OUTDIR = 'volume_trained'
shutil.rmtree(OUTDIR, ignore_errors = True) # start fresh each time
model = tf.estimator.LinearRegressor(
feature_columns = make_feature_cols(), model_dir = OUTDIR)
model.train(input_fn = make_train_input_fn(df_train, num_epochs = 10))
Now it’s time to get some performance metrics of the initial model :
def print_rmse(model, df):
metrics = model.evaluate(input_fn = make_eval_input_fn(df))
print('RMSE on dataset = {}'.format(np.sqrt(metrics['average_loss'])))
print_rmse(model, df_validate)
Output is the following :
...
INFO:tensorflow:Saving 'checkpoint_path' summary for global step 469: volume_trained/model.ckpt-469
RMSE on dataset = 3.5332114696502686
Sounds a like a pretty bad RMSE giving the range of the data generated :( . We need a Bazooka : Let’s deep learn this !!!!
Run a deep learning model
model = tf.estimator.DNNRegressor(hidden_units = [32, 8, 2],
feature_columns = make_feature_cols(), model_dir = OUTDIR)
model.train(input_fn = make_train_input_fn(df_train, num_epochs = 100));
print_rmse(model, df_validate)
Output is the following after some minutes :
...
INFO:tensorflow:Finished evaluation at 2020-05-24-20:30:52
INFO:tensorflow:Saving dict for global step 4688: average_loss = 0.012107925, global_step = 4688, label/mean = 6.806968, loss = 1.5134906, prediction/mean = 6.8328032
INFO:tensorflow:Saving 'checkpoint_path' summary for global step 4688: volume_trained/model.ckpt-4688
RMSE on dataset = 0.11003601551055908
Definitely Deep Learning for the win in here, did run both of the models on the Google Cloud AI Platform / Notebooks.
Comments
The estimator api seems to simplify a lot of the old plumbing needed in the Tensorflow to create the computation graph and prepare the data. Is definitely much more intuitive and allows for much more expressivity.

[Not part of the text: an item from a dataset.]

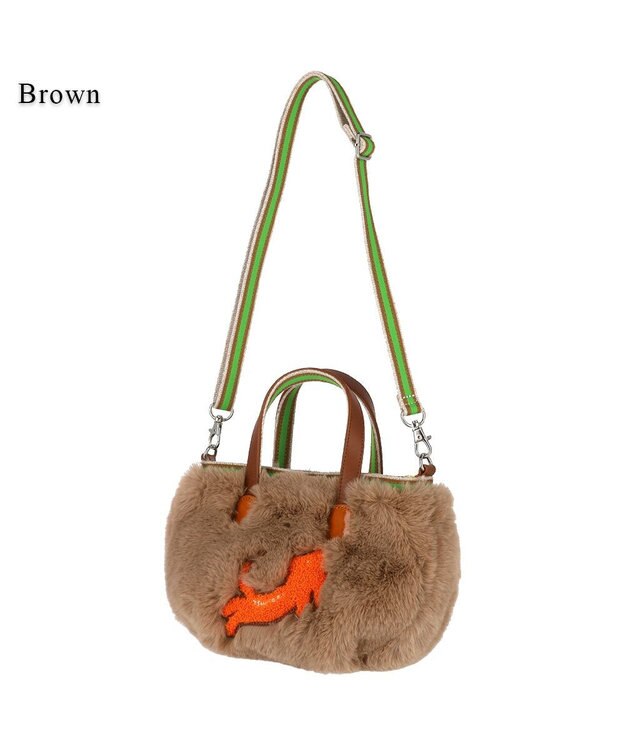 tsumori chisato CARRY キラネコファー ショルダーバッグ 手提げ 2way ブラウン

Comparing with the Sklearn and the Keras Api i would say that the feeling is different but definitely from a user experience the similar level of easeness. I still think that sklearn with a native pandas integration allow for easy and dirty prototyping. The strength of Tensorflow is definitely production readiness and ability to scale when needed.